3.4.6. The Company will be the sole arbiter as to what constitutes a violation of these provisions.

3.4.7. Harassment, whether through language, frequency or size of messages.

3.4.8. Unauthorized use, or forging, of mail header information.

3.4.9. Solicitations of mail for any other E-mail address other than that of the poster's account or service with the intent to harass or to collect replies.

3.4.10. Creating or forwarding "chain letters" or other "pyramid schemes" of any type.

3.4.11. Use of unsolicited email originating from within the Company's network or networks of other Internet Service Providers on behalf of, or to advertise, any service hosted by the Company, or connected via the Company's network.

3.4.12. Activities deemed to be unsolicited marketing efforts or otherwise harassing in any way.
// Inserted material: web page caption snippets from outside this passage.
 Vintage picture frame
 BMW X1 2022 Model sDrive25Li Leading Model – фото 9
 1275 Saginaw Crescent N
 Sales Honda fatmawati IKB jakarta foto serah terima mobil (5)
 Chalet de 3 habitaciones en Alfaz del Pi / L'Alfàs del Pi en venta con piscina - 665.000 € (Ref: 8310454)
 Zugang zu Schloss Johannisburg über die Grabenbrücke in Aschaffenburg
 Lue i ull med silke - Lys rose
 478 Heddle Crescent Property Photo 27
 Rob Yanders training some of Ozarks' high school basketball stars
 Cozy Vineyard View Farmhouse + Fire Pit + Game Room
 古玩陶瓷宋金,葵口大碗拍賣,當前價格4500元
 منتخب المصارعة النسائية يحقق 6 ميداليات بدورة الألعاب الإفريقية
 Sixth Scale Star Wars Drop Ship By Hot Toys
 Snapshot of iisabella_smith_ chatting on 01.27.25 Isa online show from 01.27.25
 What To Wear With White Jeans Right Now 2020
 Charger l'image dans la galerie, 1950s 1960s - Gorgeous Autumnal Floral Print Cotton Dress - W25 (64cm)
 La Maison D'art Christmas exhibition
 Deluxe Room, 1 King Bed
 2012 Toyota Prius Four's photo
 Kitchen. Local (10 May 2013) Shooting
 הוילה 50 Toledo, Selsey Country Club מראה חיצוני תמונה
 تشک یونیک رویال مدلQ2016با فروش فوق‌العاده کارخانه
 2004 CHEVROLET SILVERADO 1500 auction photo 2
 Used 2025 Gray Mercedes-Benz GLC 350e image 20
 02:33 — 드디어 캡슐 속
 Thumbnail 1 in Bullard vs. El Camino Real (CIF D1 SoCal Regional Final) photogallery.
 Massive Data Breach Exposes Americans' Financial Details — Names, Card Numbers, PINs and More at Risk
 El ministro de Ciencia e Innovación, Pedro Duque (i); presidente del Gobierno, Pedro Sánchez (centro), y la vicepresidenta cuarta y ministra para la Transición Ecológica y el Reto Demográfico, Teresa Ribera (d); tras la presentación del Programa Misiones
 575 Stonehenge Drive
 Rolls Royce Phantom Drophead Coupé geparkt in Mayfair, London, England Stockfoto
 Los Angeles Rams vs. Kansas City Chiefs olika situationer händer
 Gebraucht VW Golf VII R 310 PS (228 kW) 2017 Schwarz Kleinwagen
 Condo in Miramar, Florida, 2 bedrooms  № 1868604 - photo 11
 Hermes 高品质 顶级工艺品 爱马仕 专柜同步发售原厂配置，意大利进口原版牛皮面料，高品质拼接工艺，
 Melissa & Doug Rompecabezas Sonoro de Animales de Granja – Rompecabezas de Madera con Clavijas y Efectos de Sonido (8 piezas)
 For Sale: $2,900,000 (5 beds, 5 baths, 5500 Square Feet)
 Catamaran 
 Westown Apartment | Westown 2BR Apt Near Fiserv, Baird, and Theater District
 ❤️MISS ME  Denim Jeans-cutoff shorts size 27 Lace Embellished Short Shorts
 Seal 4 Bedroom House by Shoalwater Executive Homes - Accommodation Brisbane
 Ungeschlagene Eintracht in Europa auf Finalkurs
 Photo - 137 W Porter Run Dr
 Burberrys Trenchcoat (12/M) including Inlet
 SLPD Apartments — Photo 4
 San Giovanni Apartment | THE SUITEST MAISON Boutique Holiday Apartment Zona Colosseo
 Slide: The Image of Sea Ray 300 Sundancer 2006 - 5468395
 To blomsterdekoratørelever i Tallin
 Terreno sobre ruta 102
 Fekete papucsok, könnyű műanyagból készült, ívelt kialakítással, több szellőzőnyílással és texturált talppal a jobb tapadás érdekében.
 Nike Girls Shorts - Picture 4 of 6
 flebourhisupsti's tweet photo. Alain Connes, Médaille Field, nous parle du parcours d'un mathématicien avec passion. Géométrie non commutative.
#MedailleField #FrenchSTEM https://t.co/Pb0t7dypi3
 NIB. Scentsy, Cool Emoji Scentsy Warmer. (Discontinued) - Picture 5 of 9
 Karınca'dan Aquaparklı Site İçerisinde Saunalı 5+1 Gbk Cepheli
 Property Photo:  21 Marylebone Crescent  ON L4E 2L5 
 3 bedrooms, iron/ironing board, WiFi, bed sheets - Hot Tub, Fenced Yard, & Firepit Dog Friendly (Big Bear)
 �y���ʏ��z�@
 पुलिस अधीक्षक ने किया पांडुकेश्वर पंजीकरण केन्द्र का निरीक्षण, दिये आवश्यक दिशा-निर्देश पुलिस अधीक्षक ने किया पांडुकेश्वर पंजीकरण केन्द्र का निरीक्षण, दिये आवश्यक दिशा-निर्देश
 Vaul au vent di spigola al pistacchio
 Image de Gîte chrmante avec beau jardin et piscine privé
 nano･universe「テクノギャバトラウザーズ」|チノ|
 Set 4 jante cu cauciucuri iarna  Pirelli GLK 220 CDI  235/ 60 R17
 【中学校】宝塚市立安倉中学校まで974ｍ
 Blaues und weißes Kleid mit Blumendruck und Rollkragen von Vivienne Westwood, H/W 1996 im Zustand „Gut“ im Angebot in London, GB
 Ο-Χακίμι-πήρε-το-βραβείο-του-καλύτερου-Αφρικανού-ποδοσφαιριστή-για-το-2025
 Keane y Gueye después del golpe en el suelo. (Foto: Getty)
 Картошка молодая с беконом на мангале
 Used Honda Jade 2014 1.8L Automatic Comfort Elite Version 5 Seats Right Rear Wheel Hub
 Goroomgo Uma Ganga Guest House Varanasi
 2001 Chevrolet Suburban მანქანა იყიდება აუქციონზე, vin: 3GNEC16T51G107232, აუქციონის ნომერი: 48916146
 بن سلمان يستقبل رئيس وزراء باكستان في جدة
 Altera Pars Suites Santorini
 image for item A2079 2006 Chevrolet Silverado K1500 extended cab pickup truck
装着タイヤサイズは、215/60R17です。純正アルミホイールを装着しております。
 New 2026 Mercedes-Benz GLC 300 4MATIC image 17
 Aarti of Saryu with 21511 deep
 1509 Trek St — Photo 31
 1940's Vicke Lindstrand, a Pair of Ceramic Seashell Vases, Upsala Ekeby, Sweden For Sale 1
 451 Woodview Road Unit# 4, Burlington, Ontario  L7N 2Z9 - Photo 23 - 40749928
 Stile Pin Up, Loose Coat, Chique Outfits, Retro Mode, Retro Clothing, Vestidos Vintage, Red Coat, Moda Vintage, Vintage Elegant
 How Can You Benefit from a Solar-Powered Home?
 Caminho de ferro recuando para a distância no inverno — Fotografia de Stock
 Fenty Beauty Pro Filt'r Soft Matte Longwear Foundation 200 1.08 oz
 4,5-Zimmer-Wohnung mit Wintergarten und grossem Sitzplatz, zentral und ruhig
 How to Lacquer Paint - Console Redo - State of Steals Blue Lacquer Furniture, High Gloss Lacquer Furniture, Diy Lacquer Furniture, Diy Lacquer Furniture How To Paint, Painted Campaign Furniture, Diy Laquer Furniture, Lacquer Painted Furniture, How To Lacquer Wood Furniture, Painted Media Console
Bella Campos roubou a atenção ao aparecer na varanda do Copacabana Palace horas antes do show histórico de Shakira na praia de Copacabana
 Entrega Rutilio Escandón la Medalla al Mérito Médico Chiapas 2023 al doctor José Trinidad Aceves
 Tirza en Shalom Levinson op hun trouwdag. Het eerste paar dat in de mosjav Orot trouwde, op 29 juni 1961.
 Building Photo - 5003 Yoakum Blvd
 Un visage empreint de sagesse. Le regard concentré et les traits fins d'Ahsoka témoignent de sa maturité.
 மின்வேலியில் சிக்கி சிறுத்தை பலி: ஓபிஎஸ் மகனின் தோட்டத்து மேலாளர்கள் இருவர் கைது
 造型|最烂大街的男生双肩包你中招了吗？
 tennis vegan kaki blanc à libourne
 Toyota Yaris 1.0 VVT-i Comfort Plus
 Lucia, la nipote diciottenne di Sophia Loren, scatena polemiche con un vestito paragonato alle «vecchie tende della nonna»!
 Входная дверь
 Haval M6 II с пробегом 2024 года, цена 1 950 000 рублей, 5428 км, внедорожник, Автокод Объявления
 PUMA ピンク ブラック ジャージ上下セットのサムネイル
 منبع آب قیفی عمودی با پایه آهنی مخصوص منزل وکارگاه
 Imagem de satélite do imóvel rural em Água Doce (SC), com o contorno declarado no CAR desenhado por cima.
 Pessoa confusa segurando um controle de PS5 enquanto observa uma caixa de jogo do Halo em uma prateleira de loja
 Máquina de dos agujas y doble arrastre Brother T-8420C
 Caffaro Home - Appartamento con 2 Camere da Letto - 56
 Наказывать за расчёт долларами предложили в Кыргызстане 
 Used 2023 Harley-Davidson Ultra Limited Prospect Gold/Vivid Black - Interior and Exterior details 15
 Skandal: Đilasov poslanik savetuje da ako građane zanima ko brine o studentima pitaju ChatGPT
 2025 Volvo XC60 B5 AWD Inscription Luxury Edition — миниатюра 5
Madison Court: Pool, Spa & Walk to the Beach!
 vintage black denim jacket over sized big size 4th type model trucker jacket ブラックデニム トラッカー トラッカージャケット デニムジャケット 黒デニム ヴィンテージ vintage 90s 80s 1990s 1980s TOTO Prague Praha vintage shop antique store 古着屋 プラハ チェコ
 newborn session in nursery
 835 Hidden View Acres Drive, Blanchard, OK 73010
3.4.13. Customer will be charged a minimum $300.00 service charge for each instance of a verifiable UCE that is reported to the Company and faces immediate account suspension and/or termination, as well as further penalties.

3.5. Customer Support

3.5.1. The Company promotes a mutually-professional relationship with its customers. Abusive, threatening, obscene or otherwise harassing communications with agents of the Company, via telephone, email, online chat or other means will result in immediate account termination not withstanding any other terms of this agreement. Violation of this or any section of this Agreement will result in refund ineligibility.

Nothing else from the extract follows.